Empirical Results for Adjusting Truncated Backpropagation Through Time while Training Neural Audio Effects
Yann Bourdin, Pierrick Legrand, Fanny Roche
TL;DR
This paper empirically analyzes how truncated backpropagation through time (TBPTT) hyperparameters—number of sub-sequences N, batch size B, and sub-sequence length L—affect training dynamics and performance in a convolutional‑recurrent neural model for dynamic range compression (DRC). Using the SPTMod architecture with a State Prediction Network (SPN) and FiLM/TFiLM conditioning, the authors show that careful TBPTT tuning improves accuracy and stability and can reduce compute, validated by objective losses and a perceptual listening test. Across snapshot and full-modeling datasets, larger Lc and B generally boost accuracy and reduce variance, though results depend on data diversity and model configuration; TBPTT enables larger batch sizes and faster convergence. Subjective evaluations confirm that perceptual quality remains high under optimized TBPTT settings, suggesting practical benefits for real-time neural audio effects and informing future multi‑objective hyperparameter optimization and implementation in performant languages like C++.
Abstract
This paper investigates the optimization of Truncated Backpropagation Through Time (TBPTT) for training neural networks in digital audio effect modeling, with a focus on dynamic range compression. The study evaluates key TBPTT hyperparameters -- sequence number, batch size, and sequence length -- and their influence on model performance.
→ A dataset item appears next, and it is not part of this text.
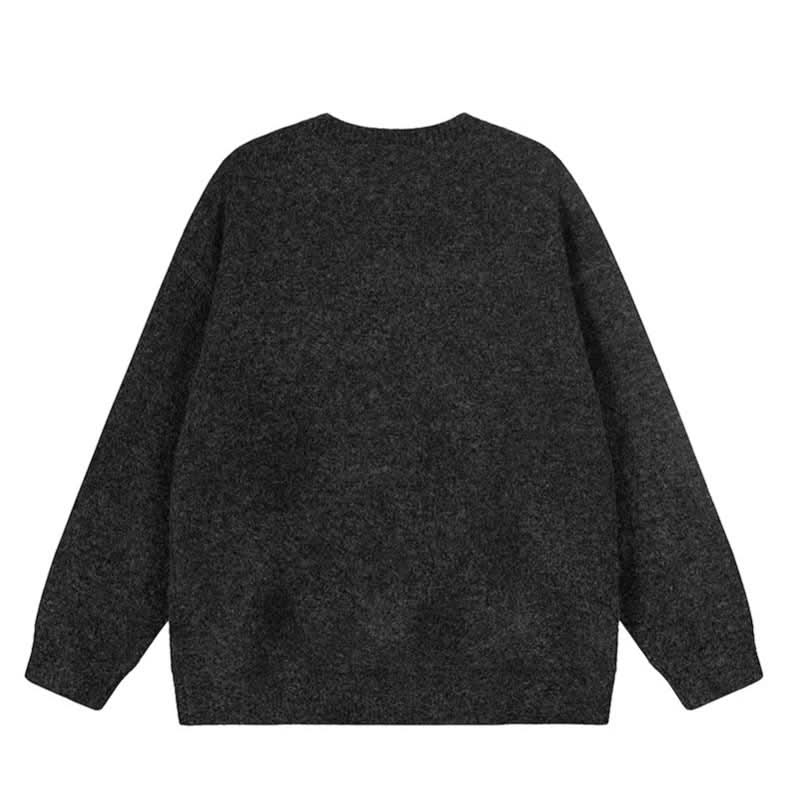 Faux Mink Print Round Neck Sweater Women Loose Knit Top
Using a convolutional-recurrent architecture, we conduct extensive experiments across datasets with and without conditionning by user controls. Results demonstrate that carefully tuning these parameters enhances model accuracy and training stability, while also reducing computational demands. Objective evaluations confirm improved performance with optimized settings, while subjective listening tests indicate that the revised TBPTT configuration maintains high perceptual quality.